But the author knew exactly what he was doing and exactly why he was doing it. He planned his book for the type of man and ideal he specially loves. Like Thoreau before him, he has little patience with current botany and zoölogy, whose devotees are ‘a prudish lot , constantly afraid that you will discover that they are human,’ and whose aims are ‘cautious, niggardly, unattached to fundamentals.’ These ‘highly cerebral’ technicians of the laboratory, who cannot tell an oak from a maple, have had their gibes at the old-fashioned naturalists of the field. It is time something were said for the amateur and the amateur spirit. In Green Laurels Mr. Peattie says it with such sympathy and verve that the hardshell scientist himself might almost be convinced.

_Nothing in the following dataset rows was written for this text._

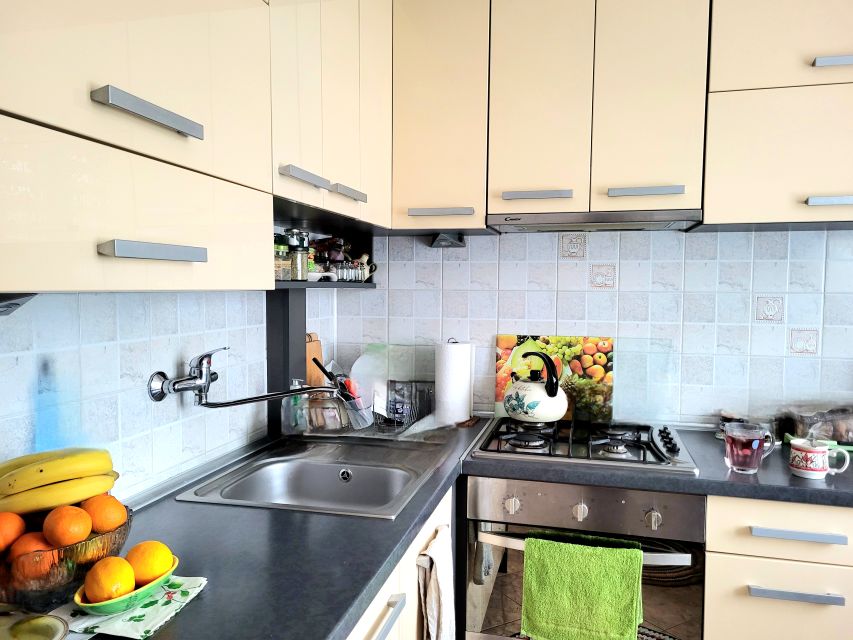 Mieszkanie Białystok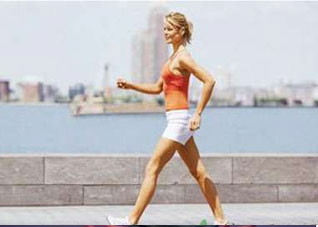 月经期绝不能这样减肥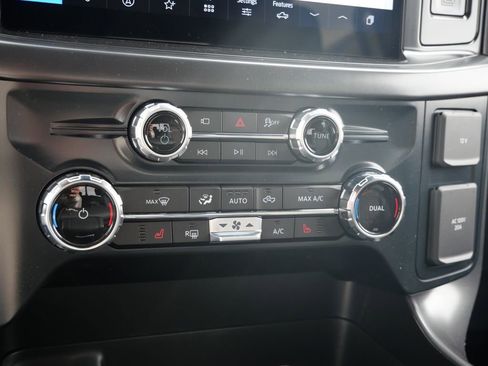 New 2026 Ford F150 Tremor AWD/4WD image 26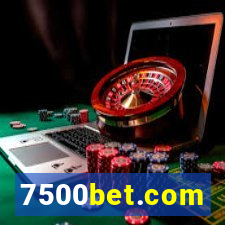 7500bet.com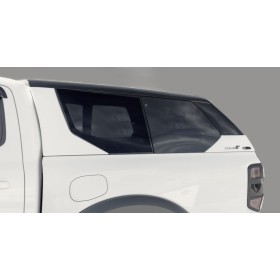 Hardtop Ford Ranger - Luxus Type E - Doppelkabine ab 2023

It would be a grave injustice to infer from this that the book is a polemic. It is rather a pæan to Nature and to the men who have loved her. Its tone is almost consistently joyous and generous.
Lyrically, anecdotally, emotionally, it bubbles down the course of history from the Schoolmen to J. H. Fabre. It picks up fragments of a varied lore as it goes: how fungus spores behave beneath a microscope; how prophetically Linnæus was named for a flowering tree; how Rafinesque pursued a cloud of bats with Audubon’s violin, gasping the while that they were all new species. Wherever there is human drama, it eddies and swirls: around the jealous hatred of Buffon for Réaumur; around the tragic failure of Lamarck to impress the society of his day, and the triumphant rise of his reputation after death; around the quiet but colossal victory of Darwin over illness and the enmity of a bigoted world
If it fails as a balanced history of the natural sciences, it is only because it does not try to be one. If it does not achieve the sustained grace and beauty and wisdom of An Almanac for Moderns, it is because not even the author himself may easily repeat such an achievement. If it is structurally somewhat amorphous and ends with too abrupt an anticlimax, it is because the heterogeneity of the material makes perfect unity impossible. If it harbors an occasional error (such as the implication on page 171 that the cataclysmic theory of Cuvier assumed the complete annihilation of life whenever‘seismic colic’ convulsed the globe), it shows that even an accurate commentator makes mistakes. What it is is ample justification for what it is not.
Above all it is a challenge to a care-ridden indoor civilization to go into the air and live. One remembers how a similar challenge was sent out from Concord some hundred years ago, and how it was not heard. Mr. Peattie is to be congratulated for making his own generation listen. His generation should he congratulated even more.